What to produce: Find "Sport-Tek® Repeat 1/4-Zip Vest" below and begin at its line; stop after the line with "8��2���@��񂰁@����V�с��ߐ��̗l�q_10". Output those lines exactly, without pictures.

Recorded information:
◇ ◇ ◇ ◇ ◇ ◇ ◇

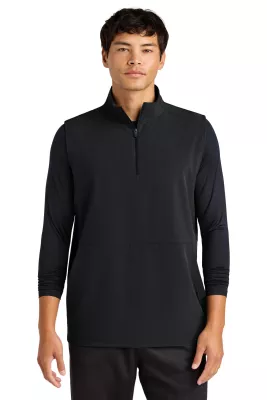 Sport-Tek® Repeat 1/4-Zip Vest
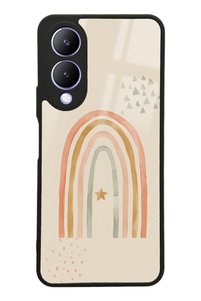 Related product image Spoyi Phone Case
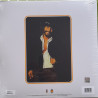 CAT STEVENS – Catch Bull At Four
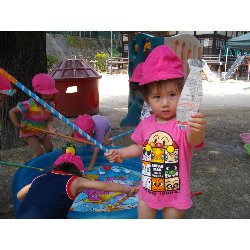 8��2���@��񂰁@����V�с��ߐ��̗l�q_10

◇ ◇ ◇ ◇ ◇ ◇ ◇

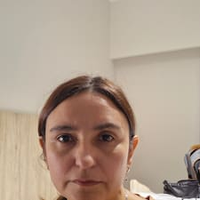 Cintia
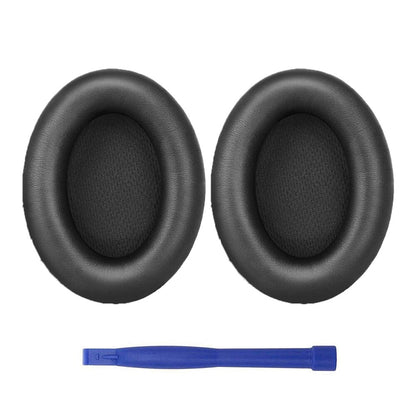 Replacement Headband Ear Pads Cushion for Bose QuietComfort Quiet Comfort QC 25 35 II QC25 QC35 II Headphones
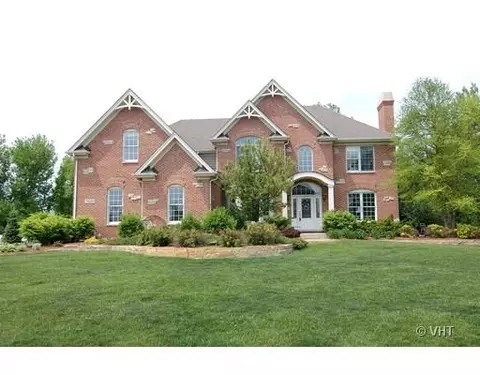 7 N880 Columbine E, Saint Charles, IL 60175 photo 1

◇ ◇ ◇ ◇ ◇ ◇ ◇

Task response:
 Sport-Tek® Repeat 1/4-Zip Vest
 Related product image Spoyi Phone Case
 CAT STEVENS – Catch Bull At Four
 8��2���@��񂰁@����V�с��ߐ��̗l�q_10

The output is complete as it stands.